(What is expected) Pictures in the records below must be left out. Return exactly the lines from the line with "To use this" to the line with "Your downloaded image", both included.

(Data records)
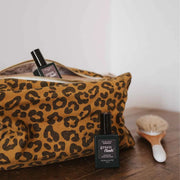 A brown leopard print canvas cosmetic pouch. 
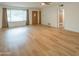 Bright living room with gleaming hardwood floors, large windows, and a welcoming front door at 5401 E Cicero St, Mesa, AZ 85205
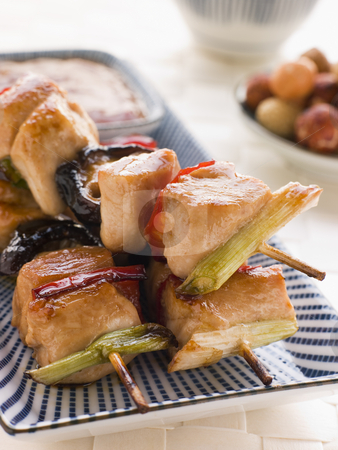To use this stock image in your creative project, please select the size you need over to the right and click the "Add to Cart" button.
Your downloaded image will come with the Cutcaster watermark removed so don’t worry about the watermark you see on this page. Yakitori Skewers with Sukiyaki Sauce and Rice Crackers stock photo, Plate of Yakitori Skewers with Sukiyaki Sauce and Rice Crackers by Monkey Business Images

==

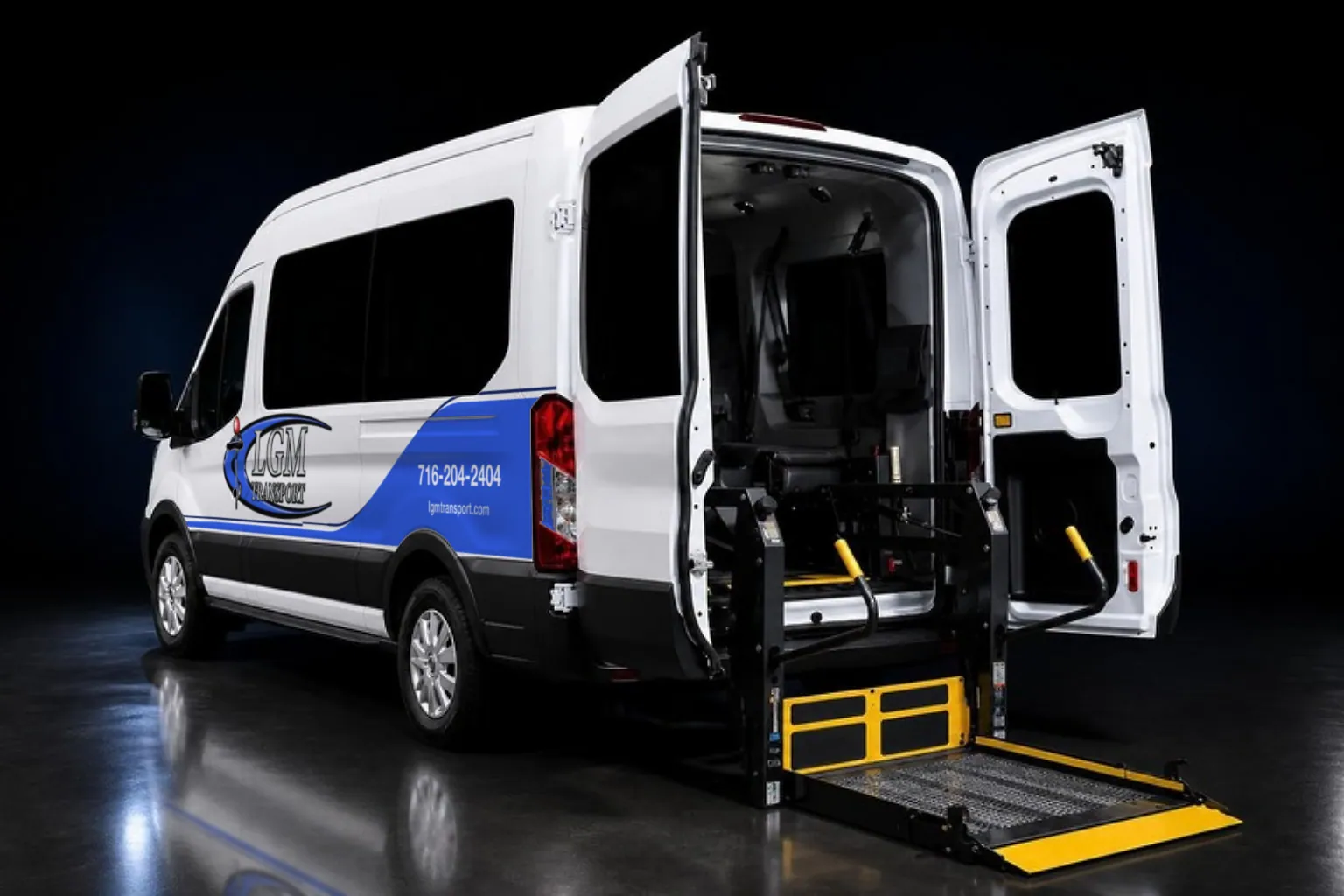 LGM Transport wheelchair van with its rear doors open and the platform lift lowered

...

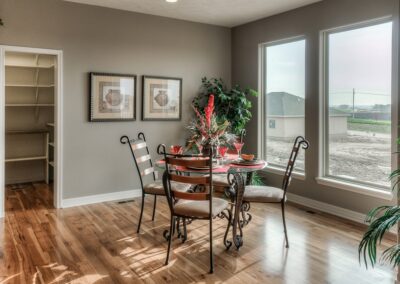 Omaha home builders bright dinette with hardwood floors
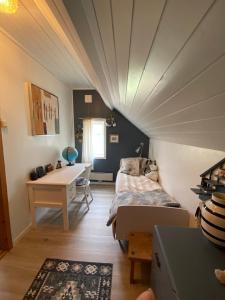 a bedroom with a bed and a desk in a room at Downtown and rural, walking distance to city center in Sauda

(Answer for this exercise)
To use this stock image in your creative project, please select the size you need over to the right and click the "Add to Cart" button.
Your downloaded image will come with the Cutcaster watermark removed so don’t worry about the watermark you see on this page. Yakitori Skewers with Sukiyaki Sauce and Rice Crackers stock photo, Plate of Yakitori Skewers with Sukiyaki Sauce and Rice Crackers by Monkey Business Images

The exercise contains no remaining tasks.